WASHINGTON — Some of President Barack Obama's fellow Democrats expressed skepticism and Republicans voiced outright hostility Tuesday to the landmark Iranian nuclear deal.
Under the historic accord, Iran's nuclear program would be curtailed in exchange for billions of dollars in relief from international sanctions. The agreement aims to avert the threat of a nuclear-armed Iran and another U.S. military intervention in the Middle East.
"I was skeptical at the beginning of this process, and I remain skeptical of the Iranians," said Rep. Steve Israel, the highest ranking Jewish Democrat in the House. "In the fall, there will be a vote on this deal, and my obligation is to review every word, sentence and paragraph of the deal to ensure it satisfies my continued concerns."
"If it's as bad a deal as I think it is," said Republican House Speaker John Boehner of Ohio, "we're going to do everything we can to stop it."
Sen. Bob Menendez of New Jersey, formerly a ranking member of the Foreign Relations Committee, said he was concerned that the deal "ultimately legitimizes Iran as a threshold nuclear state.

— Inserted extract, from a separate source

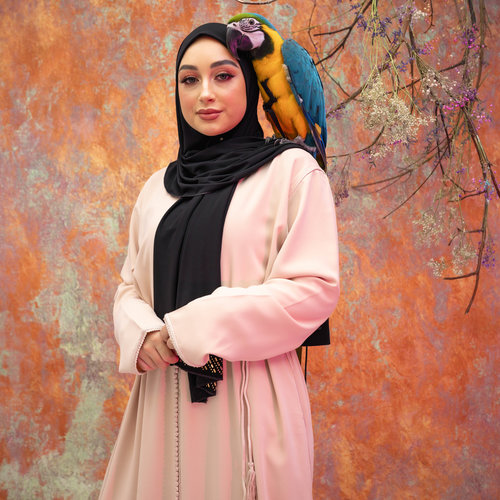 PREMIUM JERSEY HIJAB MIN - BLACK GOLD PREMIUM JERSEY HIJAB MIN - BLACK GOLD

I'm concerned the red lines we drew have turned into green lights: that Iran will be required only to limit rather than eliminate its nuclear program, while the international community will be required to lift the sanctions."
After receiving a copy of the agreement, lawmakers will have 60 days to read the fine print, vote yea or nay — or take no action.
If Congress votes to disapprove it, Obama reiterated Tuesday that he would veto it. A two-thirds majority in both the House and Senate would be needed to override a veto.
Many Republicans, as expected, are vehemently opposed to the agreement. That's not surprising since the GOP-led House invited Israeli Prime Minister Benjamin Netanyahu to speak before a joint meeting of Congress earlier this year. Netanyahu assailed the negotiations with Iran, which has threatened to destroy Israel.
"It's like giving an alligator more teeth and thinking now they may be nice to you," said Rep. Ted Yoho, R-Florida.
Senate Majority Leader Mitch McConnell of Kentucky said the agreement was flawed. "Given what we do know so far it appears that Republicans and Democrats were right to be deeply worried about the direction of these talks," he said on the Senate floor.
Even if Congress votes to disapprove the deal, it doesn't scuttle the agreement.
The only way Congress can thwart the Iran deal is by passing new sanctions legislation or stripping away the authority Obama currently has to waive those sanctions that were imposed earlier by Congress. Moreover, even if Congress rejects the deal with Tehran, Obama could use his executive pen to offer a hefty portion of sanctions relief on his own. He could take unilateral actions that — when coupled with European and U.N. sanctions relief — would allow him to implement the deal. Obama can't lift the congressionally mandated sanctions; only Congress can do that.
As soon as they get it, lawmakers will scan its pages to find out: Does it call for anytime, anywhere inspections of Iranian nuclear and military sites? What sanctions against Iran will be lifted and when? Can sanctions be reinstated if Iran cheats? Did Iran come clean regarding its past nuclear activities? How long will Iran be prevented from developing nuclear weapons? And that's just for starters.
"If this agreement is what the administration says it is, it is a major, historic diplomatic breakthrough," said Sen. Barbara Boxer, D-California.
The foreign relations committees in both chambers — and possibly other panels on intelligence and the armed services — are expected to quickly schedule hearings. It appears unlikely, though, that Congress will take any formal action before the August recess, when they most certainly will hear from constituents on the issue.
When it comes to a vote, all eyes will be on Democrats to figure out whether they will back the deal brokered by the administration or turn their back on the president, as many of his fellow Democrats did in a recent battle involving trade negotiating authority for presidents.
Key senators to watch: New York Sen. Chuck Schumer, the No. 3 Democrat in the chamber; Menendez, who has bucked the White House by voicing skepticism that Iran can be trusted to abide by terms of any deal; and Maryland Sen. Ben Cardin, the ranking Democrat on the Senate Foreign Relations Committee.
"Supporting or opposing this agreement is not a decision to be made lightly, and I plan to carefully study the agreement before making an informed decision," Schumer said.
Cardin urged his colleagues to conduct a thorough, rigorous and even-handed review of the deal.
"There is no trust when it comes to Iran," Cardin said. "In our deliberations we need to ensure the negotiations resulted in a comprehensive, long-lasting, and verifiable outcome that also provides for snap-back of sanctions should Iran deviate from its commitments."